January 24, 2012 / 2:01 AM / 8 years ago

UPDATE 1-Japan to miss fiscal target on sales tax delay

* Support for sales tax hike falling

* Some economists say fiscal discipline plans too timid

* Japan has struggled to reduce large outstanding debt

By Stanley White

TOKYO, Jan 24 (Reuters) - Japan will halve the ratio of its primary budget deficit to gross domestic product one year later than planned, the government said on Tuesday.

The delay comes after it pushed back the timing of a sales tax rise needed to repair public finances and offset rising welfare spending.

The ratio of the primary budget deficit to GDP will fall to 3.0 percent in fiscal 2016/17, slightly less than half of what it was in fiscal 2010/11, ended last March 31, the Cabinet Office said. A primary budget balance excludes debt servicing costs and income from bond sales.

The delay was expected by some as many economists have said the government’s fiscal discipline plan is too timid. Still, it underlines the uphill battle the government faces in pushing through unpopular sales tax rises needed to help offset rising welfare costs and spiralling public debt.

“It’s difficult to improve public finances in one fell swoop,” Japanese Economics Minister Motohisa Furukawa said.

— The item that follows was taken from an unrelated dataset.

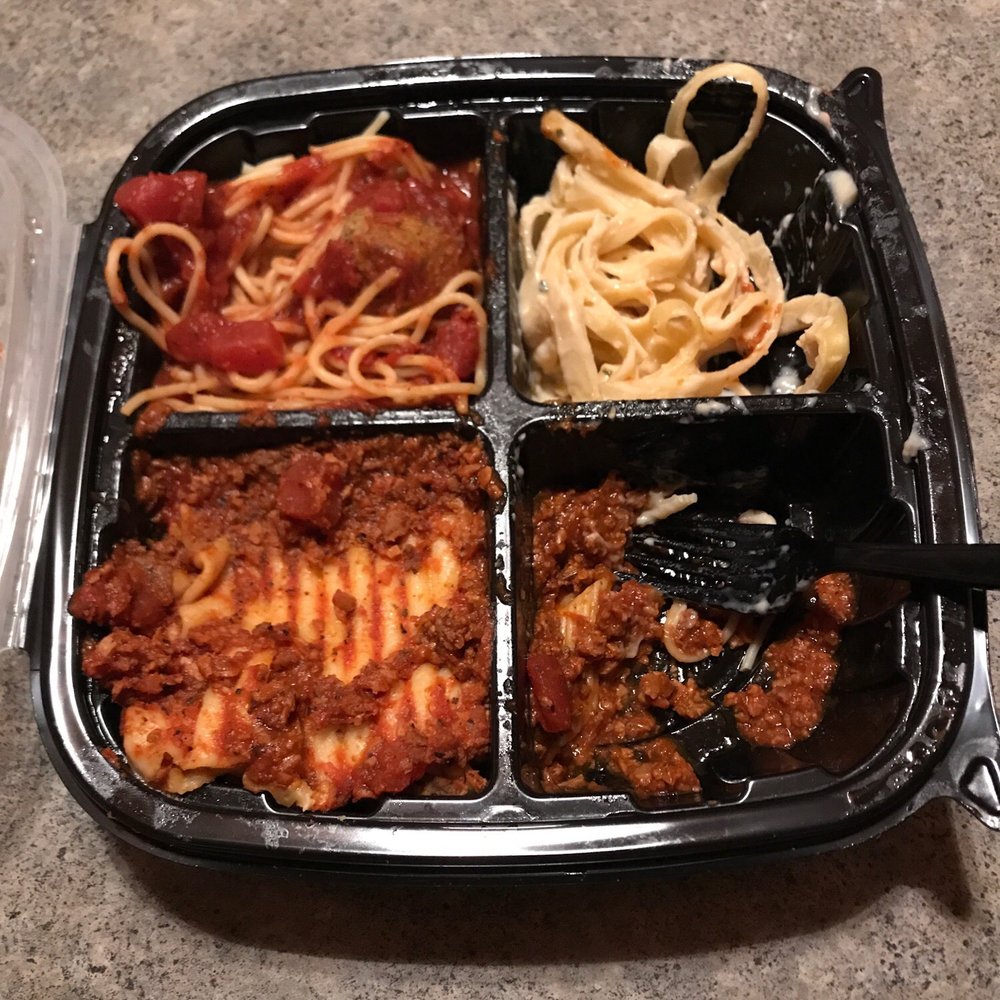 Fazoli's - Me digging into my Ultimate Sampler, a great dish with lots of food for a reasonable price! - Italian Near Me - Wausau, Wisconsin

“This is more like a triple jump in track and field. Our plan to raise the sales tax and change the welfare system is just the first jump. We will have to work harder to improve public finances further.”

Originally, the government wanted to halve the primary deficit-GDP ratio by fiscal 2015/16 as a first step in a long process toward reducing the debt burden, which is the worst among industrial nations at almost twice the size of GDP.

The government expects the ratio to reach 3.3 percent in fiscal 2015/16, just short of its target of 3.2 percent.

In fiscal 2020/21 the primary deficit will also total 3.0 percent of GDP, the government forecast. That is well short of its target to return to a primary budget surplus, and amounts to an admission that it will have to work harder at fiscal discipline.

Late last year the ruling Democratic Party agreed a timetable on rises in the sales tax, with the first rise not coming until April 2014, six months later than originally planned.

The timetable, revised to appease lawmakers who are reluctant to take the unpopular step of raising taxes, will push up the 5 percent sales tax to 8 percent in April 2014 and then to 10 percent in October 2015.

Passage of the tax hikes is uncertain as Prime Minister Yoshihiko Noda’s approval ratings have slumped. Noda also needs opposition parties to vote for the bill in a divided parliament, but so far other parties have signalled they will not easily cooperate.

“Our draft (tax reform) plan and the bill that we are going to submit to parliament stipulate that we will hold additional concrete discussions to achieve a primary balance in fiscal 2020,” said Finance Minister Jun Azumi.

“Enactment of the bill would be a major step forward.”

The International Monetary Fund and credit ratings agencies have often argued that Japan’s sales tax, one of the lowest among major economies, needs to rise to 15 percent or even 20 percent to help to truly improve public finances.